For example, effective amounts of polymer include, but are not
limited to about 250 ppm to about 5,000 ppm, such as about 500 to
about 4000 ppm concentration, or about 1000 to 4000 ppm in order to
match or exceed the reservoir oil viscosity under the reservoir
conditions of temperature and pressure.
[0050] Effective amounts of surfactant are concentrations which can
be propagated at a velocity within 25% to that of the polymer and
alkali and are well above the critical micelle concentration (CMC)

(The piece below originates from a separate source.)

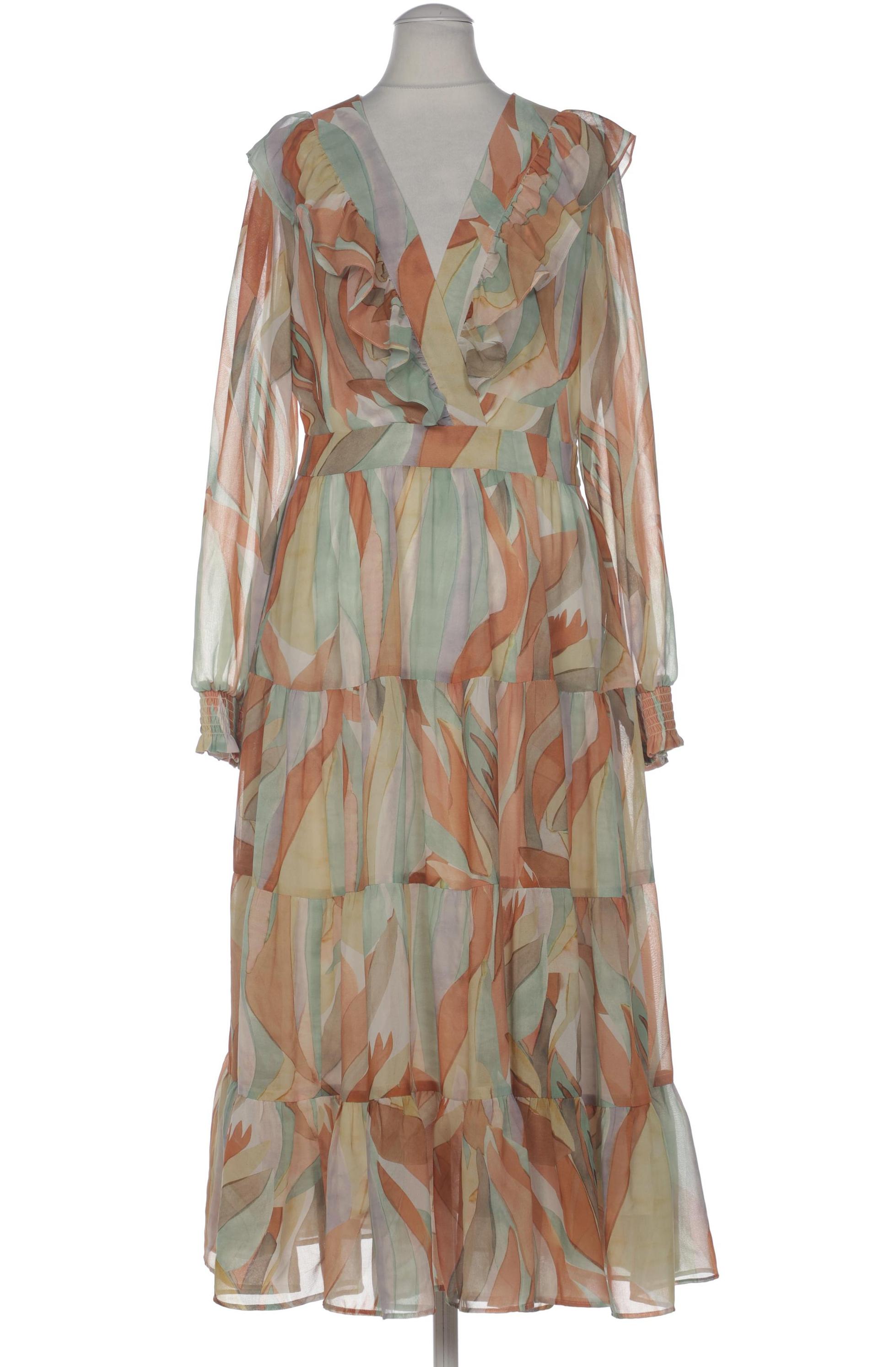 

Sezane Damen Kleid, mehrfarbig, Gr. 36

and/or increases the amount of oil recovered from a reservoir. For
example, effective amounts of surfactant could include, but are not
limited to about 0.1 to 5.0% by weight, or about 0.3% to 3% by
weight. In one embodiment, the surfactant mass used is within about
1 wt % *0.30 PV; i.e. 2 wt % *0.15 PV; 0.5 wt %*0.6 PV, or about 1
wt % *0.25 PV. The slug size is dependent upon the concentration
used. Optimized total mass tries to be equal to the total estimated
amount of surfactant that will adsorb or be retained in the
reservoir.
[0051] The volume of the ASP slug 21 may be the equal to, or
different from the volumes of the first and second AP slugs 17 and
31. The speed of injection of the slugs may also vary depending on
the reservoir operations.
[0052] Polymer
[0053] Water soluble polymers, such as those commonly employed for
enhanced oil recovery, are included to control the mobility of the
injection solution. Such polymers include, but are not limited to,
biopolymers such as xanthan gum and scleroglucan and synthetic
polymers such as partially hydrolyzed polyacrylamides (HPAMs or
PHPAs) and hydrophobically-modified associative polymers (APs).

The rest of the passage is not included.